The teacher, played by Bryan Cranston, doesn't use the drugs he creates and sells — he's a business person. "It's actually very similar to what a show runner does," Robert says with a laugh, referring to his own role on The Good Wife. "Sometimes you feel like you're getting other people addicted ... It's very long hours, very late nights ... there's a lot of money involved."

More On 'Breaking Bad':


In the Loop

This 2009 film is a British political satire about the run-up to "an Iraq-like" war. British politicians come to Washington, hilarity ensues.

"It's a movie that really is all about the dialogue and the characterization as opposed to the plotting," Michelle King says. "If you had to summarize it, there's not that much to summarize."

In one scene, a foreign-relations minister is asked whether war is unforeseeable. "All sorts of things that are actually very likely are also unforeseeable," he replies. "For the plane in the fog, the mountain is unforeseeable, but then it is suddenly very real and inevitable."

"Who's the plane and who's the mountain?" the press corps wants to know.

"The mountain in the metaphor is a completely hypothetical mountain that could represent anything," the minister says.

"It is just a constant wall of one-liners that really doesn't let you up from laughing," Robert says.

More On 'In The Loop':


Team America: World Police

This 2004 action movie — starring puppets — was made by South Park creators Trey Parker and Matt Stone. "Knowing that the South Park guys made it made us want to go see it immediately," Michelle says.

The plot focuses around the search for weapons of mass destruction, and it wasn't terribly well-received when it came out, Robert says. "It satirizes a lot of celebrities, so I think it was thought of as being hate-filled." He remembers reading a Variety essay that called it "disgusting."

The movie, he says, displayed Stone and Parker's willingness "to slap the face of liberal causes — and conservative — and satirize basically everybody."

More On 'Team America':


Twin Peaks: 'Zen, or the Skill to Catch a Killer'

The Kings recommend a specific episode from David Lynch's mystery TV series — the third episode of the first season to be exact, which first aired in 1990.

In the middle of the episode, FBI special agent Dale Cooper shows off his technique for figuring out which suspects to pursue — he says the name of a suspect, and then throws a rock at a bottle. If the rock breaks the bottle, he goes after the suspect whose name he just uttered.

"It was a brilliant recap," Michelle explains. "The kind of thing that would have been so boring but necessary — and yet you're unaware of the fact that you're being spoon-fed exposition and reminders, and are just amused by the comedy of him throwing a rock at a bottle."

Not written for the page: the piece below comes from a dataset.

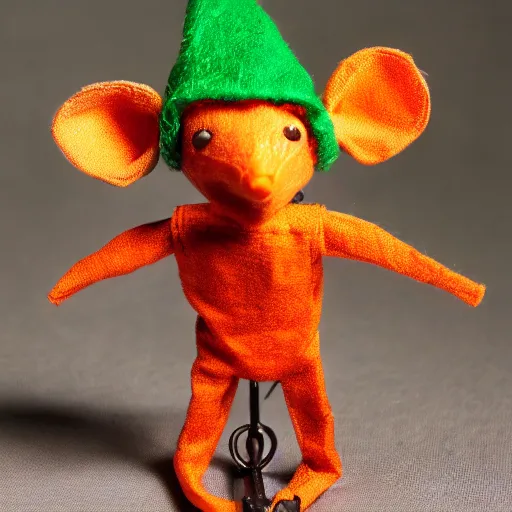 Prompt: small orange humanoid mouse marionette wearing green overalls and a peter pan hat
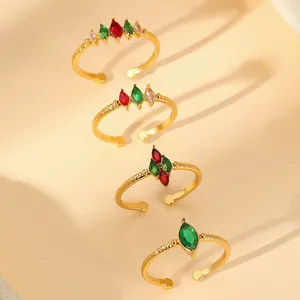 Adjustable gold plated rings with red and green zircon stones for a festive Christmas style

"Twin Peaks is David Lynch['s] ... personal coloring box of all his little obsessions, but played out through a whodunit," Robert King says.

More On 'Twin Peaks':


More Must-Sees From Robert And Michelle King:

The Godfather

The Sopranos, Season 1, every episode

The West Wing, Season 2, Episode 15: "Ellie"

The West Wing, Season 4, Episodes 67 and 68: "20 Hours in America"

Breaking Bad, Season 1, Episode 7: "A No-Rough-Stuff-Type Deal"

Breaking Bad, Season 1, Episode 3: "... And the Bag's in the River""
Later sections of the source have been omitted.